Why Anthropic’s Pricing Is Triggering a Search for Alternatives
The shift away from Anthropic is a cost-driven migration in which startups and enterprises replace premium frontier AI models with cheaper open-source and alternative systems to cut inference spend while keeping acceptable or better performance. This rebalancing is reshaping how companies plan AI infrastructure, negotiate vendor contracts, and choose models for production workloads. Cost has become a breaking point. Microsoft AI CEO Mustafa Suleyman has called Anthropic “extremely expensive” and said that “many people are urgently looking for alternatives,” adding that Microsoft’s goal is to “reduce and ultimately eliminate” what it pays Anthropic. His comments underline a wider trend: as usage grows from experiments into core products, AI model invoices swell, forcing teams to question whether high-end models like Claude are worth the ongoing premium. That pressure opens the door for newer players and open source AI models that can deliver similar capabilities at lower cost.

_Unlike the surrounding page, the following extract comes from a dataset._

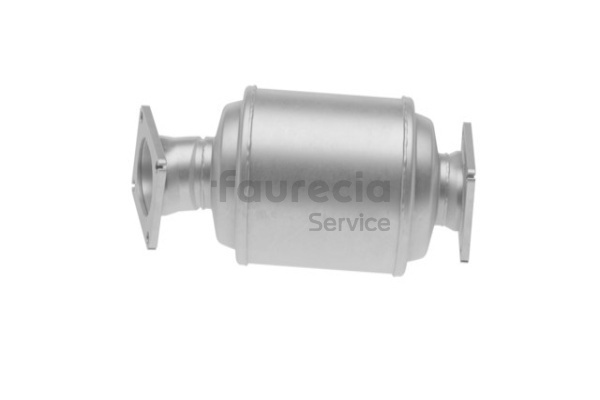 Faurecia FS10225F Diesel particulate filter (DPF) BMW E65 730Ld 3.0 231 hp Diesel 2007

DeepSeek vs Claude: How One Startup Claims Millions in Savings
Lindy, an AI agent platform, has become a flagship example of startups switching away from Anthropic. Founder and CEO Flo Crivello said Lindy “switched 100% of Lindy traffic to DeepSeek V4, churning from Anthropic models” and that the move “saves us millions of $ and we’re… seeing an increase in performance on many core use cases.” For a product that runs models continuously, inference had been Lindy’s largest cost, larger than payroll. DeepSeek V4-Pro is priced at USD 3.48 (approx. RM16.01) per million output tokens, and on the Artificial Analysis Intelligence Index benchmark it costs USD 1,071 (approx. RM4,930) to run, compared with USD 4,811 (approx. RM22,130) for Claude Opus 4.7. That more-than-four-times gap in AI model cost comparison scales quickly when calls reach billions per month, turning technical choices into major financial decisions.

Open Source AI Models Gain Ground with Smaller Companies
While Anthropic remains a favorite among large enterprises that can absorb higher fees for Claude and related services, smaller companies are testing open source AI models and emerging closed alternatives. Lindy evaluated several Chinese models such as GLM-5.1 and Kimi K2.5 before settling on DeepSeek V4, highlighting that this was the result of lengthy benchmarking rather than a quick reaction to hype. DeepSeek released two variants, V4-Pro and V4-Flash, and V4-Pro’s strong performance on agentic benchmarks made it attractive for AI “employee” scenarios. Startups are also building their own infrastructure stacks, as Lindy did with hosting provider Atlas Cloud, to host these models cheaply. At the same time, many still keep Anthropic in the toolbox for internal use or rare edge cases, taking advantage of subsidized plans while pushing most production traffic to lower-cost Anthropic pricing alternatives.
Enterprises, Tradeoffs, and the New Cost-Performance Frontier
The market split is becoming clear: large enterprises pay for frontier models like Claude to support complex, high-stakes workloads, while startups and mid-size firms chase better cost-performance ratios. Suleyman has said Microsoft wants to be “one of the top four labs in the world,” competing with Google DeepMind, OpenAI, and Anthropic rather than reselling them, partly to avoid high external model bills. DeepSeek itself admits it trails top frontier labs by months, not years, suggesting a narrowing gap where cost-performance tradeoff is now the central factor in model choice. For many production agentic use cases, the slight quality lag is offset by massive savings. As more companies run systematic AI model cost comparison exercises, a hybrid future seems likely, where Claude and similar models handle the hardest problems and cheaper or open models carry the bulk of everyday traffic.